→ Exercise prompt:
Complete, exact copies of all entries are needed.

☆ ☆ ☆ ☆ ☆

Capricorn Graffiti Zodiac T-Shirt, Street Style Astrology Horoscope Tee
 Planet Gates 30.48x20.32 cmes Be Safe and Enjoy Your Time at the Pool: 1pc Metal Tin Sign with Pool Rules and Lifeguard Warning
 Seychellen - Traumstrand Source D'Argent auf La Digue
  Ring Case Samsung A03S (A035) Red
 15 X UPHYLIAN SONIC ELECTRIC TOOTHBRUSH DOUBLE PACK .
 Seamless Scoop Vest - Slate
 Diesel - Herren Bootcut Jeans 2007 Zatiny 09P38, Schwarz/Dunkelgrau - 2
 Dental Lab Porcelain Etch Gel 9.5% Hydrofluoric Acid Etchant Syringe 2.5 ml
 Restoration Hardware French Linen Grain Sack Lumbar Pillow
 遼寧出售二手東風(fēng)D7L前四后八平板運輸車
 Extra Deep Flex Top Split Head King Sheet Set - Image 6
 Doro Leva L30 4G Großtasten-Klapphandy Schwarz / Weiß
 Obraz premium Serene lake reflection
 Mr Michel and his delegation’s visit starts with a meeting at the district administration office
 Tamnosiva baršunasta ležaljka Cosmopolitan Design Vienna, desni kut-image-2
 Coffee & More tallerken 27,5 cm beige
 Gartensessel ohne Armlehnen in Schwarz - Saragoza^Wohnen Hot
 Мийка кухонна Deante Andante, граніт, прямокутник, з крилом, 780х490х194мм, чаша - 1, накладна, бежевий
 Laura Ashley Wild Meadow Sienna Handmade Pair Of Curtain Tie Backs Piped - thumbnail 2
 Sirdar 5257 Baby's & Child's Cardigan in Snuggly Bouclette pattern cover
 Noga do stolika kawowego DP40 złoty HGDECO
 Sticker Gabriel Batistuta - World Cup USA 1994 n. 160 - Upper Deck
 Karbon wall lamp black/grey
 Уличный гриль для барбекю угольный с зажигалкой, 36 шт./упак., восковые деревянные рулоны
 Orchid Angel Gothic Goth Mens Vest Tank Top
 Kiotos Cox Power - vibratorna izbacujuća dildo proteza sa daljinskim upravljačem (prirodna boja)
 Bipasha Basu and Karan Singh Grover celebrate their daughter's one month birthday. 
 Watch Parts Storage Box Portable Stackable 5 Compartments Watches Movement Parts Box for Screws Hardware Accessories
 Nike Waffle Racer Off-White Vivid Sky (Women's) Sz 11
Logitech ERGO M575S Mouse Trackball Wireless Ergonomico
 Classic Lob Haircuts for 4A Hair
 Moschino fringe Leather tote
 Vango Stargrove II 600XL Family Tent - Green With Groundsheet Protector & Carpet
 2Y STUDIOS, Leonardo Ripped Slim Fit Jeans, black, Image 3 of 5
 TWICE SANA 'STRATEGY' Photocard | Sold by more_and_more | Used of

☆ ☆ ☆ ☆ ☆

→ Completed task:
Capricorn Graffiti Zodiac T-Shirt, Street Style Astrology Horoscope Tee
 Planet Gates 30.48x20.32 cmes Be Safe and Enjoy Your Time at the Pool: 1pc Metal Tin Sign with Pool Rules and Lifeguard Warning
 Seychellen - Traumstrand Source D'Argent auf La Digue
  Ring Case Samsung A03S (A035) Red
 15 X UPHYLIAN SONIC ELECTRIC TOOTHBRUSH DOUBLE PACK .
 Seamless Scoop Vest - Slate
 Diesel - Herren Bootcut Jeans 2007 Zatiny 09P38, Schwarz/Dunkelgrau - 2
 Dental Lab Porcelain Etch Gel 9.5% Hydrofluoric Acid Etchant Syringe 2.5 ml
 Restoration Hardware French Linen Grain Sack Lumbar Pillow
 遼寧出售二手東風(fēng)D7L前四后八平板運輸車
 Extra Deep Flex Top Split Head King Sheet Set - Image 6
 Doro Leva L30 4G Großtasten-Klapphandy Schwarz / Weiß
 Obraz premium Serene lake reflection
 Mr Michel and his delegation’s visit starts with a meeting at the district administration office
 Tamnosiva baršunasta ležaljka Cosmopolitan Design Vienna, desni kut-image-2
 Coffee & More tallerken 27,5 cm beige
 Gartensessel ohne Armlehnen in Schwarz - Saragoza^Wohnen Hot
 Мийка кухонна Deante Andante, граніт, прямокутник, з крилом, 780х490х194мм, чаша - 1, накладна, бежевий
 Laura Ashley Wild Meadow Sienna Handmade Pair Of Curtain Tie Backs Piped - thumbnail 2
 Sirdar 5257 Baby's & Child's Cardigan in Snuggly Bouclette pattern cover
 Noga do stolika kawowego DP40 złoty HGDECO
 Sticker Gabriel Batistuta - World Cup USA 1994 n. 160 - Upper Deck
 Karbon wall lamp black/grey
 Уличный гриль для барбекю угольный с зажигалкой, 36 шт./упак., восковые деревянные рулоны
 Orchid Angel Gothic Goth Mens Vest Tank Top
 Kiotos Cox Power - vibratorna izbacujuća dildo proteza sa daljinskim upravljačem (prirodna boja)
 Bipasha Basu and Karan Singh Grover celebrate their daughter's one month birthday. 
 Watch Parts Storage Box Portable Stackable 5 Compartments Watches Movement Parts Box for Screws Hardware Accessories
 Nike Waffle Racer Off-White Vivid Sky (Women's) Sz 11
Logitech ERGO M575S Mouse Trackball Wireless Ergonomico
 Classic Lob Haircuts for 4A Hair
 Moschino fringe Leather tote
 Vango Stargrove II 600XL Family Tent - Green With Groundsheet Protector & Carpet
 2Y STUDIOS, Leonardo Ripped Slim Fit Jeans, black, Image 3 of 5
 TWICE SANA 'STRATEGY' Photocard | Sold by more_and_more | Used of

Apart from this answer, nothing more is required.